Shared bikes, scooters, and especially electric micromobility have become popular over the past few years. However, they have been plagued by anti-social behavior since their inception. Inconsiderate usage has tarnished the image of shared micromobility; careless and mischievous users often leave their bikes or scooters on sidewalks and imaginatively inconsiderate locations, obstructing pedestrians and disabled persons and creating safety hazards. Furthermore, reckless riders and incidents involving drunk e-scooter riders have been widely reported, and police forces such as those from Denmark and Germany have been testing and punishing riders caught under the influence of alcohol or drugs. 

Ongoing Image Problem

The problem of theft and vandalism is even worse, affecting as much as 50% of some fleets. The world’s largest bike sharing company, Mobike, reported losing more than 200,000 bikes to theft or vandalism in 2019. The ubiquity and portability that has boosted the popularity of shared bikes and scooters has also made them vulnerable to extreme levels of vandalism. Examples include vehicles being irreparably damaged with angle grinders and hammers, set on fire, dumped in rivers and lakes, and thrown from bridges. 

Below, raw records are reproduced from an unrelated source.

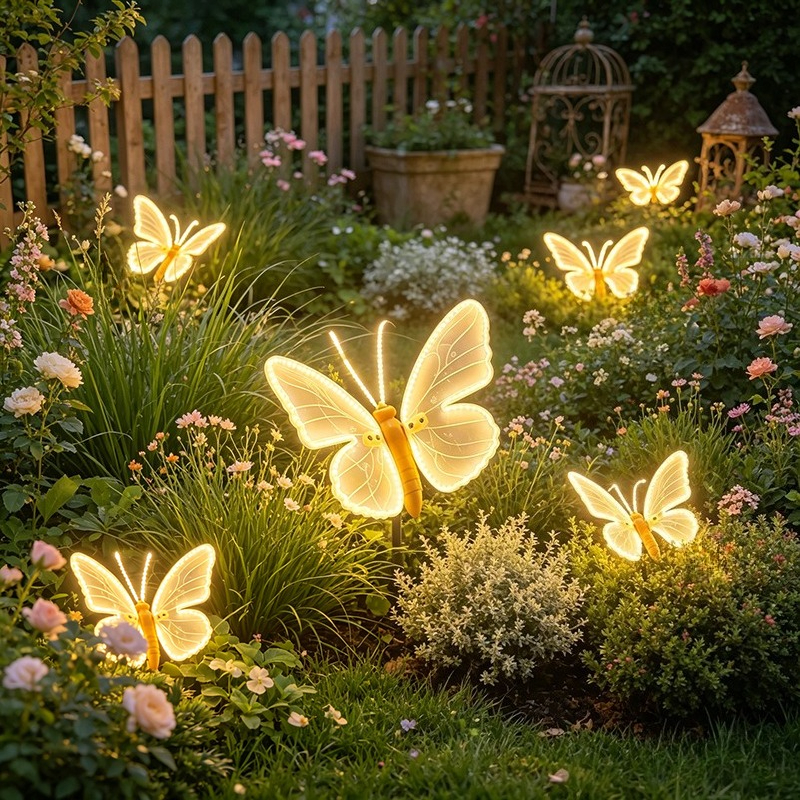 Outdoor Lighting Wedding Decor - LED Butterfly Lights Waterproof Butterfly Lights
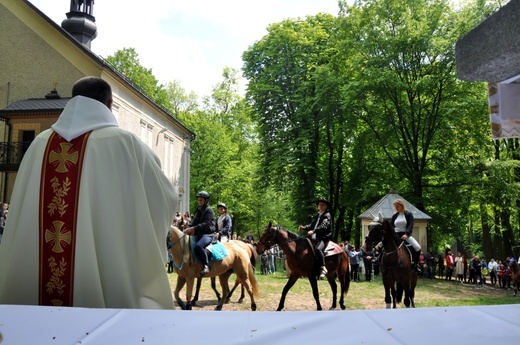 Pielgrzymka miłośników koni na Górę Świętej Anny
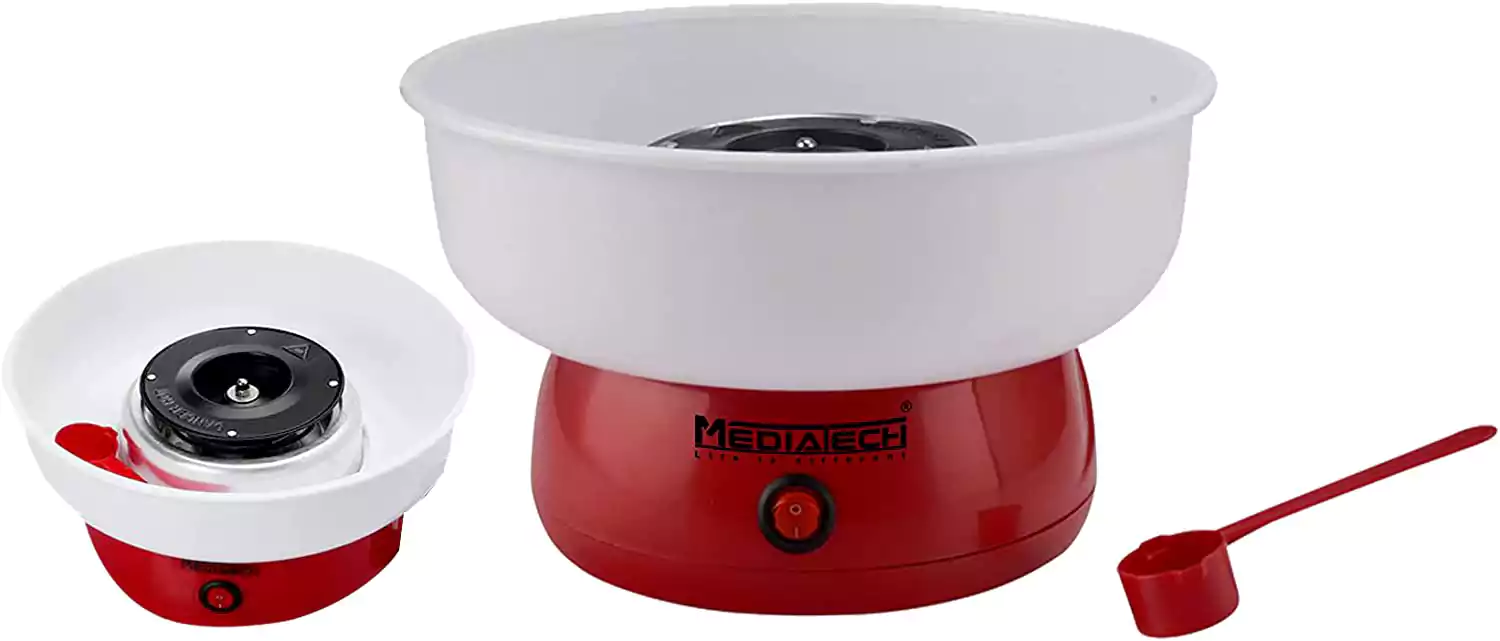 ماكينة صنع غزل البنات ميديا تك، 500 وات، أحمر، MT.CM250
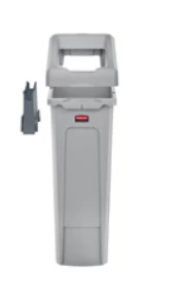 SLIM JIM RECYCLING STATION KIT W/ 87LT BIN LID & CONNECTOR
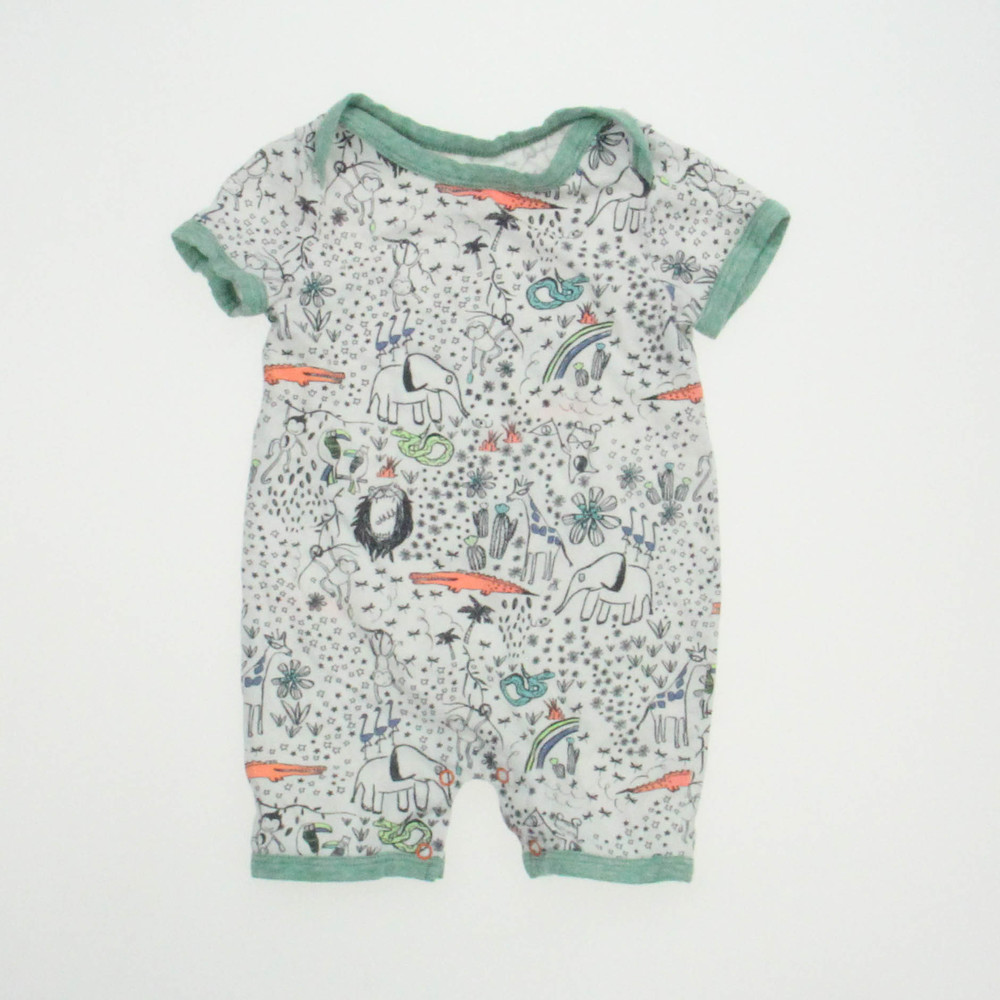 Egg Unisex White | Green Romper size: 6 Months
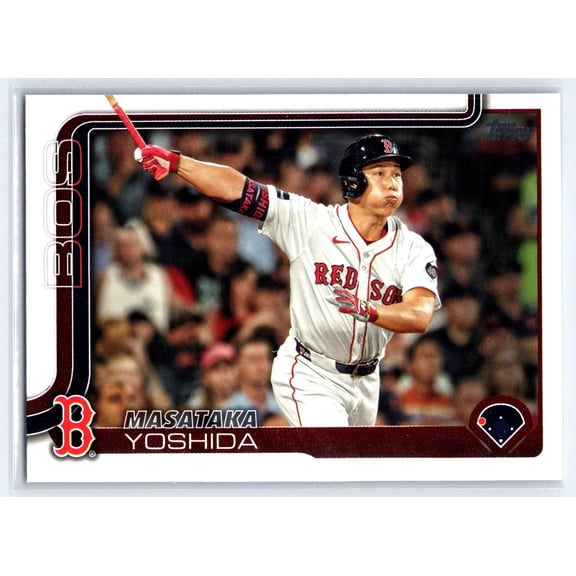 2025 Topps 324 Masataka Yoshida Near Mint Boston Red Sox Baseball Card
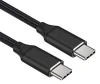 PremiumCord Kabel USB-C M/M, 240W 480Mbps černý bavlněný oplet, 1,5m PremiumCord Kabel USB-C M/M, 240W 480Mbps černý bavlněný oplet, 1,5m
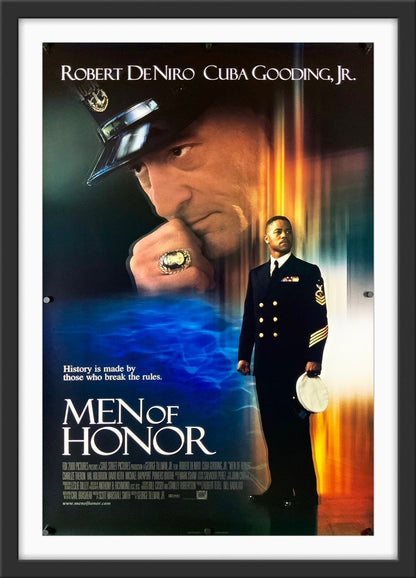 An original movie poster for the Robert DeNiro and Cuba Gooding Jr film Men of Honor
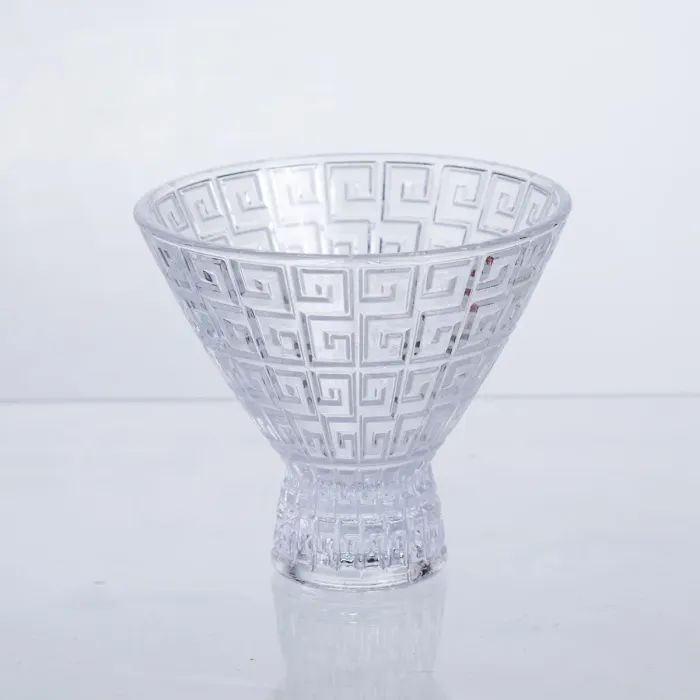 Набір креманок на ніжці 6 шт креманки скляні для десертів, морозива, желе набір 200 мл 64486-22 (64486-22) - зображення 2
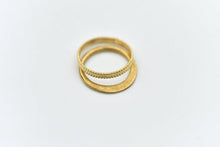 Load image into Gallery viewer, 14k Gold Wedding Band Hellenistic Boho Ring - Juniper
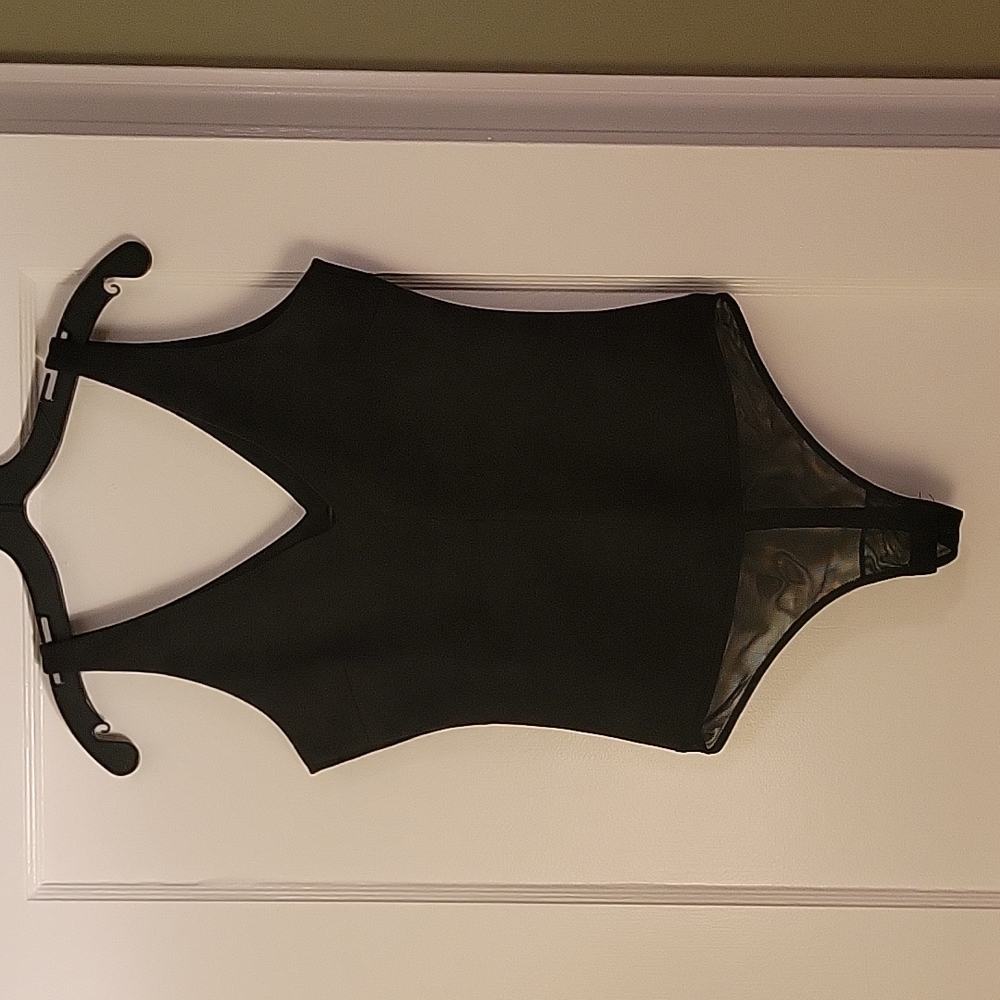 BCBG Suede Look Bodysuit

Theft and vandalism immensely increase operating costs and have resulted in several schemes being shut down. For example, Mobike pulled out of Manchester in 2018 after only 13 months of operation. In 2018, Hong Kong-based bike sharing operator GoBee stopped operating in France after 4 months despite amassing 150,000 users. The company lost thousands of bikes to theft and vandalism and regrettably declared that “the mass destruction of our fleet has become the new pastime of minors.” GoBee completely pulled out of Europe and became insolvent a few months later. 

Addressing the Problem 

Technological and policy solutions are being developed to address these challenges, and operators have implemented various approaches to reduce the risk of anti-social behavior. Vehicles have been designed with improved durability and employ theft-deterring measures including cable locks, proprietary parts, and internal cabling. GPS tracking is standard, but operators have started installing additional hidden radio modules to track vehicle locations and alarms and immobilizers to detect unauthorized movement. In addition to implementing security measures, Swiss e-bike sharing company BOND Mobility takes a psychological approach to protecting its fleet. The company provides high end, $4,000 e-bikes that are inspected every 3 days to ensure pristine condition. The company has observed that users admire these e-bikes, taking extra care in riding and returning them, and are perhaps cautious of potentially high damage liabilities.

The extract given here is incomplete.